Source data
────────────────

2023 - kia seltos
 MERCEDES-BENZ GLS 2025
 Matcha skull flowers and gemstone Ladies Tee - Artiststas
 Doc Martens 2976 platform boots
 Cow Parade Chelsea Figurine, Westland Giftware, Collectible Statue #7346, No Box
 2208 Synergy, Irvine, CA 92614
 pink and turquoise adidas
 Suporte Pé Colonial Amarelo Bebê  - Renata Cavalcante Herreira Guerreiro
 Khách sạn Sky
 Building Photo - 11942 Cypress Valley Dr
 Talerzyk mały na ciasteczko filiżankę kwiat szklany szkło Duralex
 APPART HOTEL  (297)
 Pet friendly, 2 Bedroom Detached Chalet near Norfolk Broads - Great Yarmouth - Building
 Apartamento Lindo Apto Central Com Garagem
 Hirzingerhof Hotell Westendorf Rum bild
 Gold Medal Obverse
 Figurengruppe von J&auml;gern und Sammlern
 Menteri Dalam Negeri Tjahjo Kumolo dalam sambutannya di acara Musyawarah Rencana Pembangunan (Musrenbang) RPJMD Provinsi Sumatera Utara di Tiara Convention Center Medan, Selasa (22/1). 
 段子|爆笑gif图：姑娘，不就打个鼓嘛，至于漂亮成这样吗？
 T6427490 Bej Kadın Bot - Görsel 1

────────────────

## Task details
The records must be given again in full, exactly as shown.

## Answer section
2023 - kia seltos
 MERCEDES-BENZ GLS 2025
 Matcha skull flowers and gemstone Ladies Tee - Artiststas
 Doc Martens 2976 platform boots
 Cow Parade Chelsea Figurine, Westland Giftware, Collectible Statue #7346, No Box
 2208 Synergy, Irvine, CA 92614
 pink and turquoise adidas
 Suporte Pé Colonial Amarelo Bebê  - Renata Cavalcante Herreira Guerreiro
 Khách sạn Sky
 Building Photo - 11942 Cypress Valley Dr
 Talerzyk mały na ciasteczko filiżankę kwiat szklany szkło Duralex
 APPART HOTEL  (297)
 Pet friendly, 2 Bedroom Detached Chalet near Norfolk Broads - Great Yarmouth - Building
 Apartamento Lindo Apto Central Com Garagem
 Hirzingerhof Hotell Westendorf Rum bild
 Gold Medal Obverse
 Figurengruppe von J&auml;gern und Sammlern
 Menteri Dalam Negeri Tjahjo Kumolo dalam sambutannya di acara Musyawarah Rencana Pembangunan (Musrenbang) RPJMD Provinsi Sumatera Utara di Tiara Convention Center Medan, Selasa (22/1). 
 段子|爆笑gif图：姑娘，不就打个鼓嘛，至于漂亮成这样吗？
 T6427490 Bej Kadın Bot - Görsel 1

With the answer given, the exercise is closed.